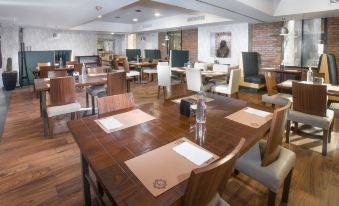 a large dining room with wooden tables and chairs arranged for a group of people at Four Points by Sheraton Saltillo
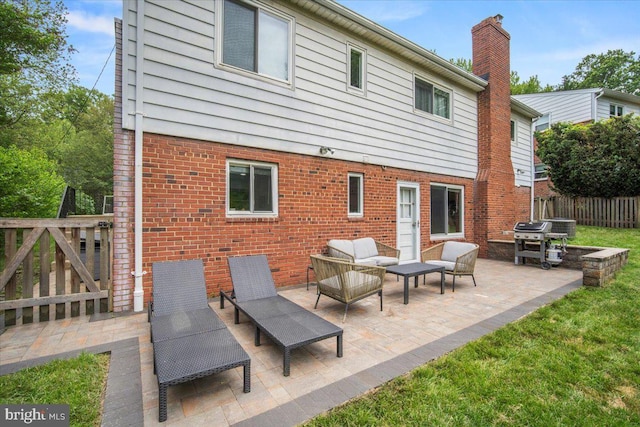 9212 E Parkhill Dr, Bethesda, MD 20814 - rear view of house with an outdoor hangout area, brick siding, a patio area, and a chimney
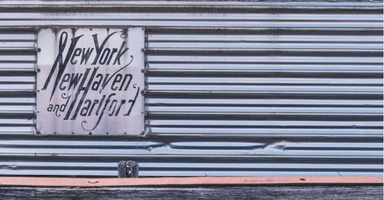 Side view of a train with a sign reading New York, New Haven and Hartford.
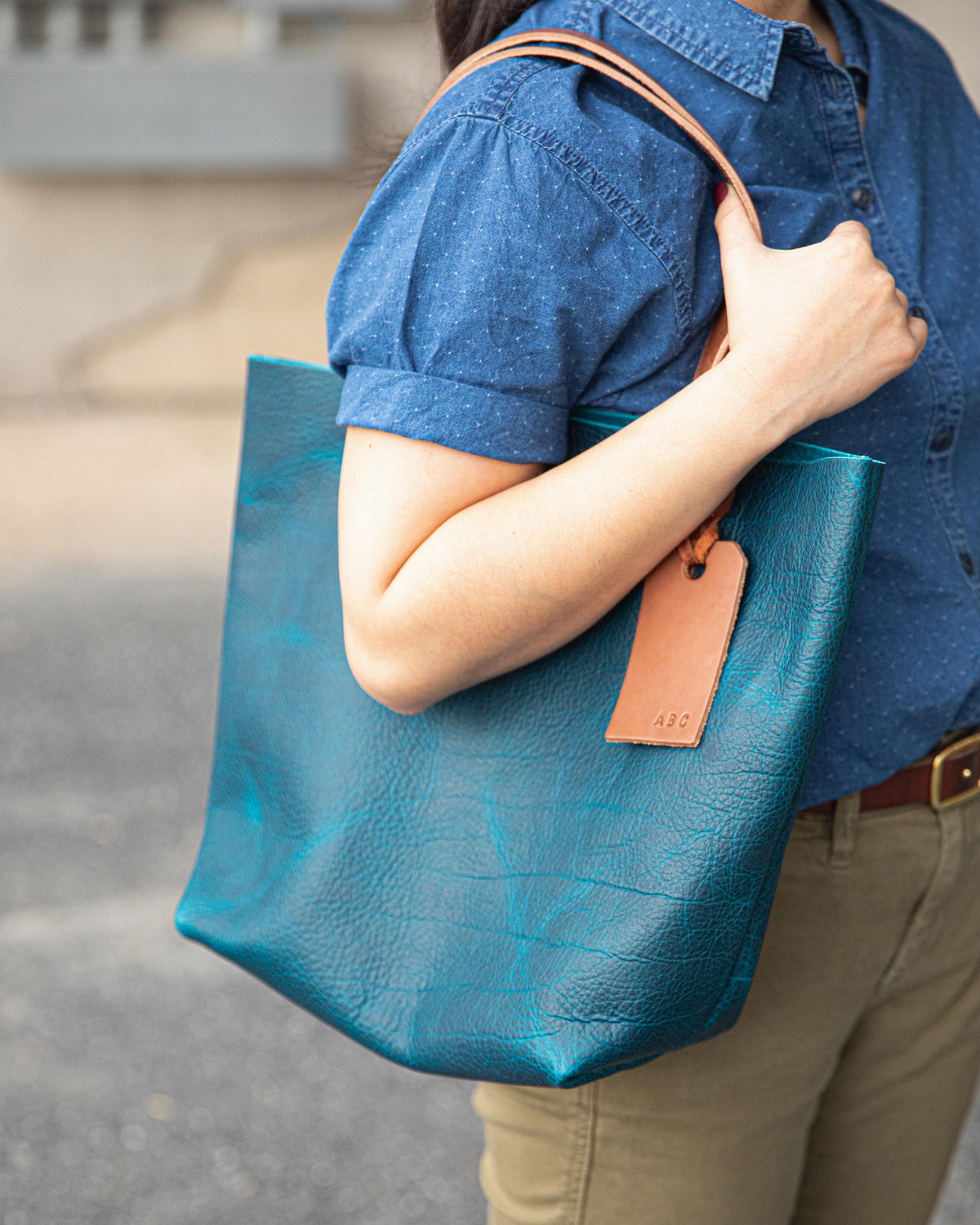 Handmade Petrol Blue Bison leather tote bag with natural grain and tan leather handles, worn over the shoulder.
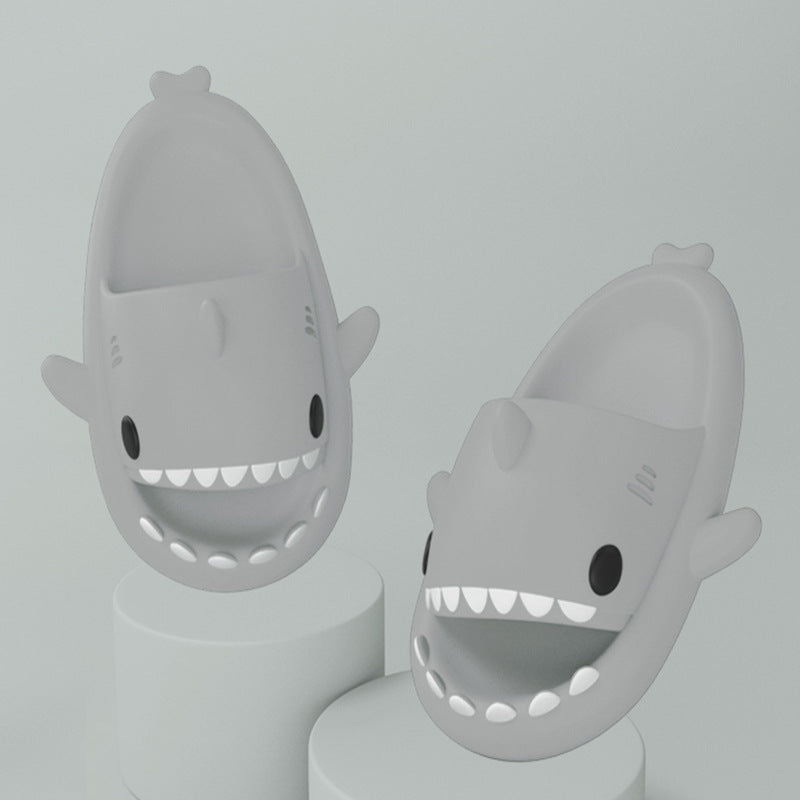 Cartoon shark slippers pair in light gray, cushioned slides with cartoon teeth
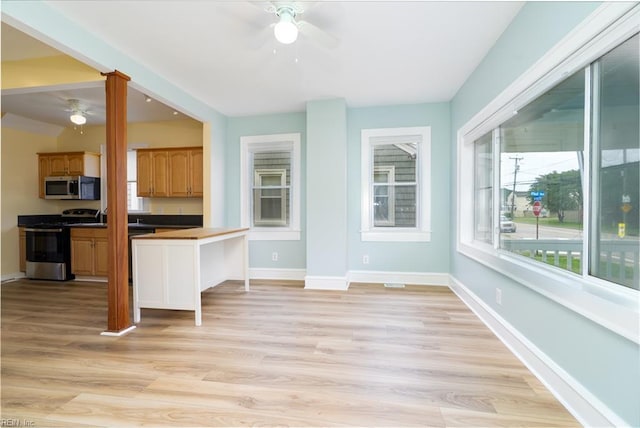 319 N First St, Hampton, VA 23664 - kitchen featuring stainless steel appliances, a ceiling fan, baseboards, and light wood-style flooring
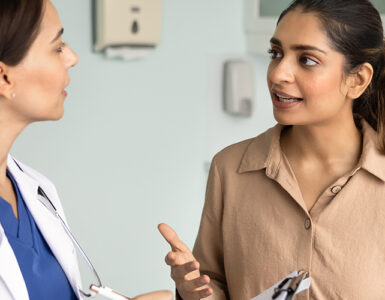 A woman in her 30s speaking to her female doctor in a medical office.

--- EXERCISE AIM ---
Please copy the data shown above precisely, leaving the images out.

--- EXERCISE RESPONSE ---
 a large dining room with wooden tables and chairs arranged for a group of people at Four Points by Sheraton Saltillo
 9212 E Parkhill Dr, Bethesda, MD 20814 - rear view of house with an outdoor hangout area, brick siding, a patio area, and a chimney
 Side view of a train with a sign reading New York, New Haven and Hartford.
 Handmade Petrol Blue Bison leather tote bag with natural grain and tan leather handles, worn over the shoulder.
 Cartoon shark slippers pair in light gray, cushioned slides with cartoon teeth
 319 N First St, Hampton, VA 23664 - kitchen featuring stainless steel appliances, a ceiling fan, baseboards, and light wood-style flooring
 A woman in her 30s speaking to her female doctor in a medical office.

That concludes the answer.